Dianne Coffee – With People
Applying his trade with his side-piece band Diane Coffee between Foxygen gigs, Shaun Fleming has released his fourth record with the band, the first since 2019. Produced by Foxygen major-domo Jonathan Rado, on this one, Fleming strays away from the Glam-Pop of his main gig in favor of a more subtle ’70s and ’80s soft rock aesthetic.
From the opener, “Corrina From Colina,” there is a Southern California beach vibe laid down, sort of like a cross between Holland Era Beach boys and Hall and Oates. This is a song that will catch your attention and entice you to head to the beach and paddleboard out in the ocean to catch those bigger waves ahead.

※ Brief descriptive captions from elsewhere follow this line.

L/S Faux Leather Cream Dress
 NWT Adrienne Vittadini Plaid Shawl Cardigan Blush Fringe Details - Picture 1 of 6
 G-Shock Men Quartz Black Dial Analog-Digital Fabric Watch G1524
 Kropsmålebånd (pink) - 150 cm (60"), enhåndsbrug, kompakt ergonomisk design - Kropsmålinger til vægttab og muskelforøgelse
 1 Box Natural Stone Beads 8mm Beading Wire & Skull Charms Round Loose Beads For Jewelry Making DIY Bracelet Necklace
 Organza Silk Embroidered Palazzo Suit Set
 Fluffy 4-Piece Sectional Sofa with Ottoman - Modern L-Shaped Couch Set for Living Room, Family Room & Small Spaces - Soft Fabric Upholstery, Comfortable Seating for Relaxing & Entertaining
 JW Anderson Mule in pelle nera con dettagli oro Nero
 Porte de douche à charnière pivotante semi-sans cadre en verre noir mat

“Our Love/The Run” would have been a perfect vehicle for Freddie Mercury and Queen most notably at the piano break with the repeated angry whisper “You don’t get to treat me this way.”
With Foxygen level pop bombast reached on “Sharks,” and “The Great Escape” that give the record a breezy pop feel, this record is a perfect album for the now, but put a pin in this one and bring it back around when the sounds of summer are ready to dominate the airwaves.
Thunder – Dopamine
Applying their trade going on 35 years now, U.K. rock provocateurs Thunder have released a double album of riff-ready rock and roll that reflects back to ‘70s era guitar rock in the Tesla, U.F.O, and Nazareth mold.
“The Dead City” has leader Danny Bowes channeling his inner Paul Rodgers Bad Company persona and on “Black,” the band takes glam-rock to new heights.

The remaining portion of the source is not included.